3.4.2.2 Model Training

3.4.2.2 Model Training

The focus of this stage in the ML lifecycle is on sharing how the model was architected and trained and the process that was used for debugging.

Choices of ML model architectures have numerous consequences that are relevant to downstream users so it is essential to document both the choices and the rationales behind them. Did the designers choose a random forest, recurrent network, or convolutional network, and why? What was the capacity of the model, how does it line up with the dataset size, and what are the risks of overfitting? What was being optimized for, and what regularization terms and methods were used?

Some particular considerations may apply to architectures for models that will be used for high-stakes purposes: the wrong choice of optimization function or prediction objective can create significant risks of unintended consequences in deployment. In general, sufficiently high-stakes ML systems should produce outputs that are explicitly uncertain both about predictionPartnership on AI. Report on Algorithmic Risk Assessment Tools in the U.S. Criminal Justice System, Requirement 5. and across different competing specifications of the system’s goals.Eckersley, P. (2018). Impossibility and Uncertainty Theorems in AI Value Alignment (or why your AGI should not have a utility function). arXiv preprint arXiv:1901.00064.https://arxiv.org/abs/1901.00064

A separate datasheet should be attached to all datasets used in this process, likely to include training data and validation data used while adjusting the model. If federated learning or other cryptographic privacy techniques are used in the model, the datasheet may need to be adapted accordingly. Key questions for the validation data include how closely the data match real-world distributions, whether relevant subpopulations are sufficiently represented in the data, and whether the validation set was a hold-out set or if there was an effort made to be more representative of the real-world data distribution. Additionally, documentation should note any preprocessing steps taken, such as calibration corrections.

Another option is to add a link to the source code, which is again more likely for academic and open source models than for industry/commercial models. It is important to document the version of all libraries used, github links, machine types, and hyperparameters involved in training. This increases reproducibility and helps future users of the model debug in case of difficulty. For very large datasets, sharing information about the compute platform and rationale behind hardware choices also helps future researchers and model developers to contextualize the model. Lastly, it is highly valuable to disclose how long the model took to train and with what magnitude of compute resources as this allows future researchers to understand what level of resourcing a similar model would require to build.

Pros/Cons

As mentioned above, much of the documentation in this section is for the purpose of allowing other parties to build similar models, increasing reproducibility. Information on compute and hardware resources used also gives researchers the ability to judge how accessible the model is.
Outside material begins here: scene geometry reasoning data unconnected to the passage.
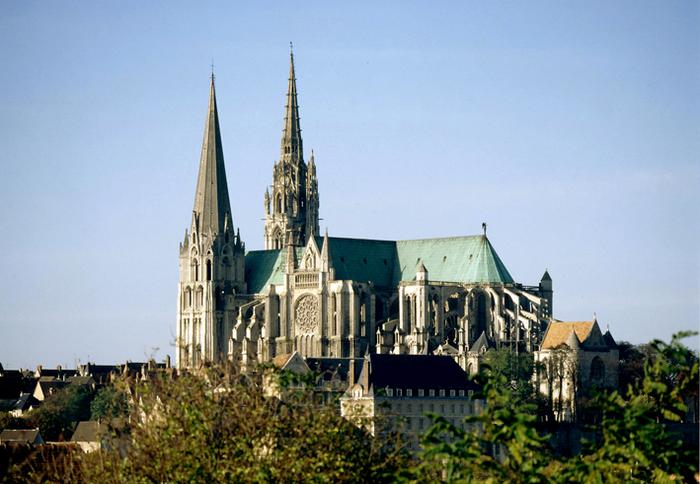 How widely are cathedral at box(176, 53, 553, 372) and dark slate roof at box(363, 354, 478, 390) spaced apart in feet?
61.8

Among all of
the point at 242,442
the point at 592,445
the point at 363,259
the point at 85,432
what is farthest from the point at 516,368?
the point at 592,445

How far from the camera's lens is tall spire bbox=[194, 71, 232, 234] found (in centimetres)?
15512

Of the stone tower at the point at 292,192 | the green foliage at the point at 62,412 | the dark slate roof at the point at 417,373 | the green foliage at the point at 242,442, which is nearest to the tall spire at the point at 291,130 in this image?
the stone tower at the point at 292,192

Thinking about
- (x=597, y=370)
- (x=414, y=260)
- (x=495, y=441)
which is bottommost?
(x=495, y=441)

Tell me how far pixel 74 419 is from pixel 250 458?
89.8 metres

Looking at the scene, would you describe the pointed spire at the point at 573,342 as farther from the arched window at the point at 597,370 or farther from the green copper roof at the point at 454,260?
the green copper roof at the point at 454,260

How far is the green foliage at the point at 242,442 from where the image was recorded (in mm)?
46656

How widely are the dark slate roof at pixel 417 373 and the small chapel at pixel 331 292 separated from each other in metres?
19.1

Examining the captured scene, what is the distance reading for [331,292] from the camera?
14300 centimetres

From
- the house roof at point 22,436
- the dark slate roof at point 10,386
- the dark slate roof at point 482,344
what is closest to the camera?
the house roof at point 22,436

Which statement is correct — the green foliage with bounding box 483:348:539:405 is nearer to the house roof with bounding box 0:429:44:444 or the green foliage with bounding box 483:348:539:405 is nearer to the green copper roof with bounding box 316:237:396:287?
the green copper roof with bounding box 316:237:396:287

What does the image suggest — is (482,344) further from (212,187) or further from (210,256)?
(212,187)

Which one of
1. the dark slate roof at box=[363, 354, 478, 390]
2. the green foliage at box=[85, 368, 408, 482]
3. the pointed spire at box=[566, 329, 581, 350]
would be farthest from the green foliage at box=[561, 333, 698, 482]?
the pointed spire at box=[566, 329, 581, 350]

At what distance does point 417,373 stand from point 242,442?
6250 cm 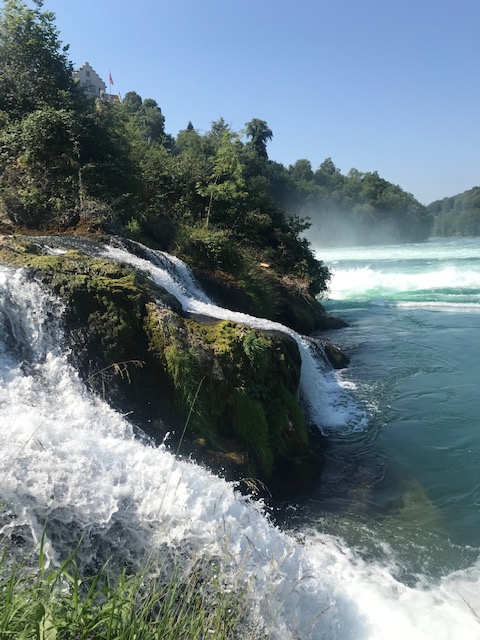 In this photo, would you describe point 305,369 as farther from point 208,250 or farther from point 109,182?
point 109,182

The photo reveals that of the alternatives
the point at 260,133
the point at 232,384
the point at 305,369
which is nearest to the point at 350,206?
the point at 260,133

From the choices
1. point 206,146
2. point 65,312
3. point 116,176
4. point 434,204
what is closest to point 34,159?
point 116,176

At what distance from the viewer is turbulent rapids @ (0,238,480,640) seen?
10.7ft

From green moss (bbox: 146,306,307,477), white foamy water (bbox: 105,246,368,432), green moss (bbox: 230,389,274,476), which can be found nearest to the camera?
green moss (bbox: 146,306,307,477)

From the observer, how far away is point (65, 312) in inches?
233

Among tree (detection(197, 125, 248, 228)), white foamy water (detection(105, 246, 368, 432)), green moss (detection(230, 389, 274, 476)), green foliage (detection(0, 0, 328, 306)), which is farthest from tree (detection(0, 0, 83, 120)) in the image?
green moss (detection(230, 389, 274, 476))

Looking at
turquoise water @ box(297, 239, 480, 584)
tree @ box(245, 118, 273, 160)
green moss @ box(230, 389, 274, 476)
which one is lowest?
turquoise water @ box(297, 239, 480, 584)

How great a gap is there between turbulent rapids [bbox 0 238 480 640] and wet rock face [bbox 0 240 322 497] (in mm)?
348

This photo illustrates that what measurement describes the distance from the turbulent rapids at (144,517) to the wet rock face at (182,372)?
0.35m

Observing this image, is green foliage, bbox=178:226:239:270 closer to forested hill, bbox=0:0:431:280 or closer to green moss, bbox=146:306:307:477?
forested hill, bbox=0:0:431:280

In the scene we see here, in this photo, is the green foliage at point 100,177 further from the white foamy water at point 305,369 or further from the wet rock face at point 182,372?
the wet rock face at point 182,372

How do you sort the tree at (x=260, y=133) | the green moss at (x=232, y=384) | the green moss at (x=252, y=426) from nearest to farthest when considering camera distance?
the green moss at (x=232, y=384) → the green moss at (x=252, y=426) → the tree at (x=260, y=133)

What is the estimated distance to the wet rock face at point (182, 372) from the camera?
5707 mm

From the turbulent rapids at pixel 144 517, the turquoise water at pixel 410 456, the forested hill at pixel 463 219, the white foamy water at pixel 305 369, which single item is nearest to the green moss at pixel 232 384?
the turquoise water at pixel 410 456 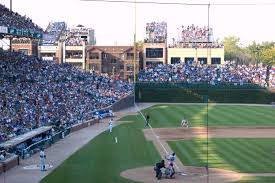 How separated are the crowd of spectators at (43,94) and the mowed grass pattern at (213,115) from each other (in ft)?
20.2

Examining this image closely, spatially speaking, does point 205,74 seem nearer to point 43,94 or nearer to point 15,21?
point 43,94

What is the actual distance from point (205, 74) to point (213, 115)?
2048 centimetres

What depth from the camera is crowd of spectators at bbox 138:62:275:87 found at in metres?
71.8

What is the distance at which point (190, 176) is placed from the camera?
80.6 ft

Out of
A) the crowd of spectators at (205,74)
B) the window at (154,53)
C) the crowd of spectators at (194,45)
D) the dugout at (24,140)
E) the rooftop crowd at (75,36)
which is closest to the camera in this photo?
the dugout at (24,140)

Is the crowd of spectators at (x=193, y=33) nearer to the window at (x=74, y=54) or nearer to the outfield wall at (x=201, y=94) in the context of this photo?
the window at (x=74, y=54)

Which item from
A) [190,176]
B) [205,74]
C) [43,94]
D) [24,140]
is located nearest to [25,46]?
[205,74]

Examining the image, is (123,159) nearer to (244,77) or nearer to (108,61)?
(244,77)

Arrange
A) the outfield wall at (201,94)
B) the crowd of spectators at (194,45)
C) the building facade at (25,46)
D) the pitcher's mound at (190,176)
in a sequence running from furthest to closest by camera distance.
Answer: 1. the crowd of spectators at (194,45)
2. the building facade at (25,46)
3. the outfield wall at (201,94)
4. the pitcher's mound at (190,176)

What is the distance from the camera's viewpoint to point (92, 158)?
3022 cm

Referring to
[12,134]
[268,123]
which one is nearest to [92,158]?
[12,134]

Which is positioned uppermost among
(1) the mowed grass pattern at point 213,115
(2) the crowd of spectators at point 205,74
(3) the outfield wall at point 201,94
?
(2) the crowd of spectators at point 205,74

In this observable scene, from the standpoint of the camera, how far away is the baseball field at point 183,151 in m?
24.8

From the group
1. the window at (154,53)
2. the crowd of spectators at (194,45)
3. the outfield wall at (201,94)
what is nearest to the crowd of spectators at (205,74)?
the outfield wall at (201,94) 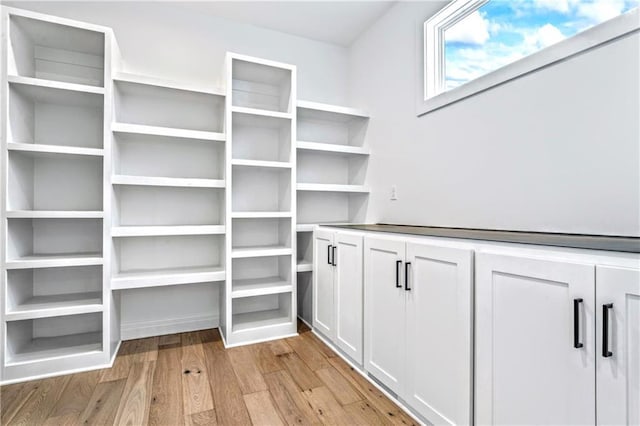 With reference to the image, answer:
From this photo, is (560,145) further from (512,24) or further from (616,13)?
(512,24)

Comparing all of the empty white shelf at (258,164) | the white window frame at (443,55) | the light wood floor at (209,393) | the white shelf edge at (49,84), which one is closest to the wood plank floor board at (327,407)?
the light wood floor at (209,393)

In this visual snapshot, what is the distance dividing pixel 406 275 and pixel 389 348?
0.45 meters

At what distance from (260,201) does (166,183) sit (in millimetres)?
839

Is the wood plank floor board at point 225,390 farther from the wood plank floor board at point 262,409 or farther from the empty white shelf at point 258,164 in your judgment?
the empty white shelf at point 258,164

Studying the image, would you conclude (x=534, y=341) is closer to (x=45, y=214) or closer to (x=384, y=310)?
(x=384, y=310)

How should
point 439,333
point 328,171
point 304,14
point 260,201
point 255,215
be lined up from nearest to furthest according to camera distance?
1. point 439,333
2. point 255,215
3. point 304,14
4. point 260,201
5. point 328,171

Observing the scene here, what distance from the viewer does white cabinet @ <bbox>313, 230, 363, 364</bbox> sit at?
200 centimetres

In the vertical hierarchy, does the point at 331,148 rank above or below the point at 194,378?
above

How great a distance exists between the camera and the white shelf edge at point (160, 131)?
7.14 ft

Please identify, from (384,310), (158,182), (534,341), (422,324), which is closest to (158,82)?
(158,182)

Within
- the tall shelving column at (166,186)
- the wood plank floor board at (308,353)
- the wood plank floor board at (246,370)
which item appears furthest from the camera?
the tall shelving column at (166,186)

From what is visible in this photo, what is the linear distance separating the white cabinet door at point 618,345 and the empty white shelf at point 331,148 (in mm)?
2169

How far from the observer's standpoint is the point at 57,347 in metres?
2.13

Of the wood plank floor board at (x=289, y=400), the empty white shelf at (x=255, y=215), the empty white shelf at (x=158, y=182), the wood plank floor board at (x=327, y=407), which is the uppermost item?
the empty white shelf at (x=158, y=182) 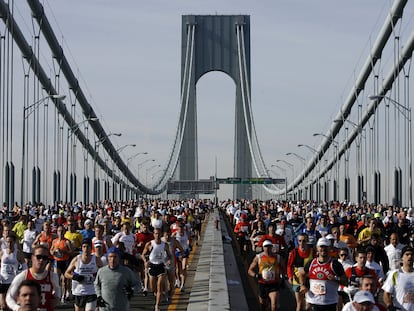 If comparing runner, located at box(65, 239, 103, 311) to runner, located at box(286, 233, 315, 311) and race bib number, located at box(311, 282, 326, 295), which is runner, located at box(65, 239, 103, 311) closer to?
runner, located at box(286, 233, 315, 311)

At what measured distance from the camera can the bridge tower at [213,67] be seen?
148 metres

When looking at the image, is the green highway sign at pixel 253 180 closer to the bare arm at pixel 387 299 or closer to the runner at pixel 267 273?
the runner at pixel 267 273

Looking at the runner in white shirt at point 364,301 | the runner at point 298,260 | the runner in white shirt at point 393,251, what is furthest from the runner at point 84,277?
the runner in white shirt at point 364,301

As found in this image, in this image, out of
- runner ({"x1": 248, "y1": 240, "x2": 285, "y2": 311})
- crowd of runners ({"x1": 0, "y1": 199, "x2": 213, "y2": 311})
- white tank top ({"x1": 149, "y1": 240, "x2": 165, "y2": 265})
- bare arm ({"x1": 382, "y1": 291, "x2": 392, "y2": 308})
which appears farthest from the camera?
white tank top ({"x1": 149, "y1": 240, "x2": 165, "y2": 265})

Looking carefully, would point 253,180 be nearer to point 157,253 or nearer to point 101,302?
point 157,253

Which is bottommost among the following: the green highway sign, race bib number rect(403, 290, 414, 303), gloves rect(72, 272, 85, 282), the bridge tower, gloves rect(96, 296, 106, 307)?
gloves rect(96, 296, 106, 307)

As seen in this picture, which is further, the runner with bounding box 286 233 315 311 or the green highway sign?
the green highway sign

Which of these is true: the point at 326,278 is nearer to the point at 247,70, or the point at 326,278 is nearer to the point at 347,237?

Debugging is the other large benefit of such robust documentation. For example, if a model has 94% percent accuracy in training, but 87% in test, knowing the original settings allows evaluators to identify whether this difference in performance comes for different settings or from other factors. Any evaluation of performance, though, needs to keep in mind that test performance will always be worse than the training performance. Combining model documentation with datasheets for the training data gives evaluators information to rule out performance changes due to changes in data or parameters. The evaluators can be internal stakeholders from testing teams or external stakeholders such as customers who purchase the model for deployment in their business processes.

Finally, this information builds trust between research labs, the general public, and policymakers, as each party gains insight into how otherwise “black box” models were constructed. It also informs and educates the public on typical practices which can be important for later reputational considerations, ex ante regulation, or common law concepts of reasonableness.

Documentation for models can be both highly technical and lengthy, which runs into readability risks. It is important to present the information in a reader-friendly manner to ensure the hard work of documentation yields the benefits outlined above and to prevent creating burdensome documentation that pushes the work unnecessarily onto users and consumers of the model. Explorations related to the following research questions could uncover insights into barriers to implementation along with mitigation strategies to overcome those barriers and produce checkpoints for testing impacts to certain demographics.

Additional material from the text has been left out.